Both reports recognize the importance of using the correct household-level data in the studies. Household-level data provides a more granular and accurate look at adoption trends while avoiding the zip-code level bias (i.e. extensive income variations within zip codes) that many “solar adoption” reports have utilized in the past. The LBNL report builds upon the GTM Research study by taking an even wider geographical scope, surveying 13 states of which this data is available for a majority of the market. The results clearly show a trend towards the adoption of solar by moderate-income households. If you look at Figure 2, the median income for PV adopters has declined from $100k in 2010 to $87k in 2016, while the income gap between PV adopters and owner-occupied households (“OO-HHs”) has dropped from 27% to 10% during that same time. LBNL notes in the report that the four highest-income states (CA, CT, DC and MA) have even reached “income party,” that the median income of OO-HHs is at or below the median income of PV adopters.
What is driving this trend towards PV adoption by moderate income households? LBNL offers a few ideas: The declining cost of PV solar, efforts by public institutions and solar firms to target low-to-moderate income (“LMI”) customers, third-party ownership models, and a general maturation of the market coupled with customer awareness. Yet, further measures can be taken to close the gap between PV adoption and income and secure more equitable access to the residential solar market.
The LBNL report highlights a few key elements that can be addressed:
Finding: Home-ownership, which correlates with higher income, drives differences in PV adoption among income groups. Recommendation: Solar policy needs to address the split-incentive issue to accommodate for renters and those living in multi-family buildings.
Finding: LMI households have a higher rate of third-party ownership of their residential PV systems. Recommendation: State policy should allow lease providers to take advantage of and pass along ownership incentives to LMI customers.
Finding: Residential PV system size is notably smaller for LMI households. Recommendation: Rate structures must be designed to recognize the value of solar to the grid and not simply incentivize higher electricity consumption.
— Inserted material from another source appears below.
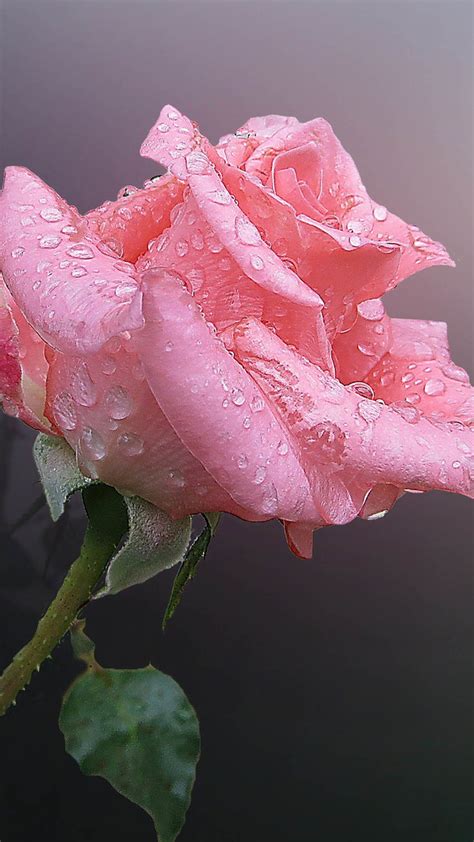 The Water Drops Rose Wallpapers Wallpaper Cave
It should also be noted that participation in a community shared solar project provides an avenue for LMI customers to obtain the benefits of solar without needing a rooftop system. Therefore, state policy should support regulations that promote development of community-based solar.
The Pace Energy and Climate Center is currently working on all of these issues in the Value of Distributed Energy Resources proceeding in New York State. The Center also continues to advocate for solar policy that serves LMI customers with written testimony submitted throughout the country in regulatory and rate-case proceedings.